It was paradoxical that the savage head-hunters of Formosa were both an impediment and a boon to the camphor industry. As forests were cut down, the head-hunters were driven further back into the mountains. The camphor workers were never safe in the forest. They moved in the company of armed guards, and there was always the danger of ambush. And yet, if this menace had not existed, the camphor forests would have disappeared long ago. Thanks to the head-hunters there were still large tracts of virgin camphor forests in Formosa.

Camphor trees grew best on moderate, well-drained slopes, not over 4,000 feet in elevation, with ample sunlight. Nowhere else in the world had these trees attain such height and girth. Trees from 35 to 40 feet circumference at the base had been noted, but trees of 20 feet are considered a very ample specimen. An average tree with a circumference of 12 feet yielded 6,600 pounds of camphor worth about $5,000. Strictly speaking, there were no camphor forests, as the camphor laurel was only one of a number of trees growing together.

Natives stills were scattered throughout the district where crude camphor is collected, packed in tins, and carried down the mountain to the nearest railway line, whence it goes to the refinery in Taihoku.
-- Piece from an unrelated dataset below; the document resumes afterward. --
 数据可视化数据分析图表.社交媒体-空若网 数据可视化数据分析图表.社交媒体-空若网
Mrs. Kirjassoff visited one of these native stills. She had motored about ten miles beyond Urai, the first savage village south of Taihoku. [Note: the author refers to the indigenous people of Formosa as savages, their regions as savage county, and their possessions as savage dwellings, etc.] Her group motored as far as Sintian, and from there hiked or rode sedan chairs. They had to cross several streams and always found a Chinese ferryman with sampan waiting at the bank.
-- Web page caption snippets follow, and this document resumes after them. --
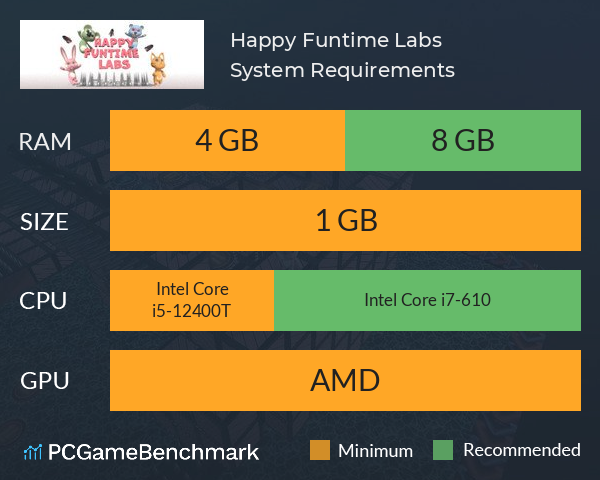 Happy Funtime Labs System Requirements PC Graph - Can I Run Happy Funtime Labs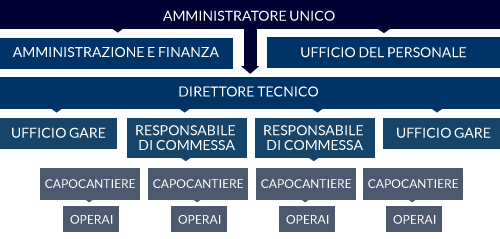 organigramma_mobile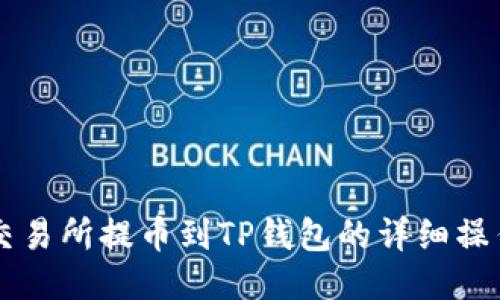 中币交易所提币到TP钱包的详细操作指南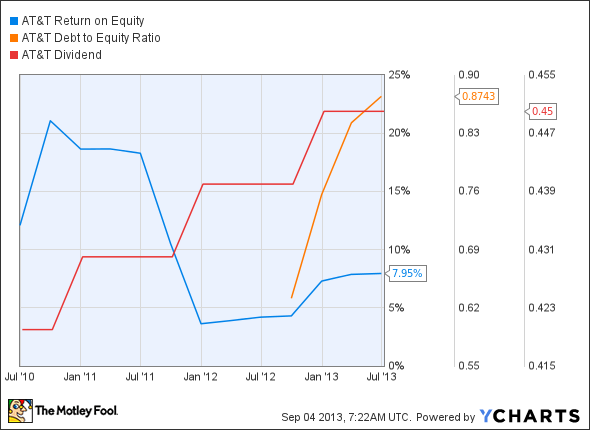 T Return on Equity Chart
The ferryman at the last stream they crossed was an old “ripe” savage. He considered the party as his brothers saying “We are not like these” pointing to a few Japanese and Chinese in the back of the sampan. The Formosan savages had the belief that, besides themselves, there were only two types of people, Chinese and Japanese, and if a person was neither them then they must be a relation.
At Urai they stopped for lunch at a Japanese inn, and the entire savage population turned out to watch them eat. They had some caviar sandwiches in their lunch baskets, and when they were finished eating, there was one left. The author gave it to an old savage chief. He ate it with relish and asked for more. A bread-and-butter sandwich was not to his liking, however. She assumed he would have preferred champagne to beer.

The still they visited was operated by members of one Chinese family. Several men were gouging chips from the trunk of a camphor tree with adzes while others were in the still feeding the fires. Adjoining the still was a shanty where the workers lived. In the front door was a woman preparing the afternoon meal, while beside her a little boy was playing blocks with chips from which the camphor had been extracted.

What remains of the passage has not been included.